The ogres roughly pulled Kerrick from the deck and threw him into a snowbank. He avoided looking at Baldruk Dinmaker. Until he understood what was going on here, he didn’t want to dwarf to know his former shipmate’s son had recognized him.
Other ogres scrambled aboard the boat, one even squeezing into the cabin. That one emerged a moment later with a shrug. “No one else here!” he called.
“Look again!” the dwarf snapped. “I heard voices.”
The ogre disappeared, and for a moment the boat shook and thudded from the sounds of cupboards being opened, the bunk pulled apart, and other compartments investigated. Finally the ogre emerged, shaking his head. “Nope. Musta been talking to himself.”
Coraltop? Shaking snow from his face and twisting to sit up, the elf shook his head in disbelief. He was glad his small companion had avoided capture, but he was more certain than ever that some kind of magic was at work. In any event, he had more immediate problems to worry about.

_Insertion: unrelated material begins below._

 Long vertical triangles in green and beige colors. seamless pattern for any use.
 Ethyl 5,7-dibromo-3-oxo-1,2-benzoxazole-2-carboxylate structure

Three big ogres stood over him. Each wore a cloak of white bearskin, stiff jerkins over their torsos and clad in heavy leather boots. Their heads were hooded with sheepskin. Two carried big spears, and one a long-bladed sword slung casually over his shoulder. Nearby, a whole column of the brutes made its way along the shore of the cove, while a band of at least a hundred had gathered just out of bow range of the main cavern entrance. Enough of the dawn light had paled the sky that the rim of the valley, high above, was visible at this hour. Just beyond that crest, he knew, the walls of Brackenrock rose imposingly from the top of the mountain.
Kerrick observed a massive ogre approaching, the creature’s square face with unusually small tusks locked in a scowl. With a shock he saw the straggled hair dangling from her scalp and realized this one was a female. In one hand, the ogress held a long-hafted axe that looked as though the blade was pure gold.
The elf had a feeling of dire apprehension as she looked down on him. With a sharp gesture she reached down, tore his hood away, and seized his blond hair in her sausage-sized fingers.
“It is an elf! The elf!” cried the massive ogress, hoisting him upward with a neck-twisting jerk. “My Lord King! He is here, our prisoner! The messenger of the prophecy!”
She dropped him. Another massive ogre plodded toward them, through the snow. This was a bull, tusks wrapped in gold, wearing a golden breastplate that gleamed across his chest. Around his shoulders was draped a bearskin-the only black pelt among this small army of cloaked ogres. The elf remembered Moreen’s descriptions of Grimwar Bane, who had massacred her tribe and stolen the black bear pelt of her ancestors, and wondered if this could be the same brute-though she had referred to him as a prince, and the ogress had called him “king.”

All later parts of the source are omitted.